Referring to payment system policy, Bank Indonesia will develop a more efficient domestic payment system industry through refinements to payment system architecture and broadening access to payment services. In its implementation, payment system policies are grounded in three main strategies, namely strengthening domestic industry structure, technical standardisation and a mechanism to enhance efficiency as well as broadening access to payment services. The first strategy is achievable through development of a National Payment Gateway. The second strategy is implemented by developing aspects of standardisation in the national payment system industry, and the third strategy is instituted as an integral part of financial inclusion policy that is underpinned by educational programs and consumer protection.
In addition to monetary, macroprudential and payment system policy, Bank Indonesia will also redouble efforts to strengthen polices associated with financial inclusion and micro, small and medium enterprises (MSMEs).

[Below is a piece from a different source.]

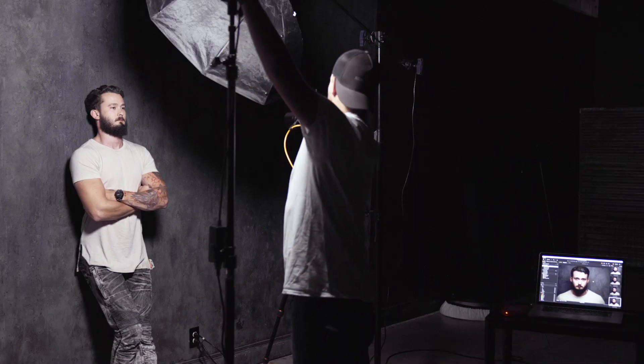One problem that I knew I would run into is introducing camera blur from the ambient light, because my shutter speed was almost at a full second. To make sure I was only exposing the image with the flash, I turned off all the ambient lights, which as you would imagine made it impossible for the camera to focus.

Paying due regard to the economic challenges faced and the policy direction pursued by Bank Indonesia and the central government, the domestic economy will remain in a phase of consolidation during the year 2014. Accordingly, solid economic growth is projected in the range of 5.8-6.2 percent. In terms of prices, the rate of inflation is forecast within its target corridor of 4.5 ± 1 percent, while credit growth is expected in the range of 15-17 percent, buoyed by a similar pace of growth in deposits.
From a medium-term perspective for 2015 to 2018, the global economy is predicted to grow on average by around 3.9 percent. Economic growth in Indonesia is expected to achieve 6.5 percent in 2018, if the array of economic transformation policies plays out as expected. Nonetheless, economic growth could stutter at around 6 percent if the transformation process does not progress as anticipated.
Bank Indonesia has released its vision for 2014, namely to become the best and most credible central bank in the region in order to achieve the key targets already mentioned. The attainment of this vision is predicated on Bank Indonesia ensuring that all potential resources function effectively through new strategic values as follows: (1) Uphold confidence and integrity, (2) Prioritise professionalism, (3) Seek perfection, (4) Prioritise the public interest, and (5) Strengthen team coordination and cooperation.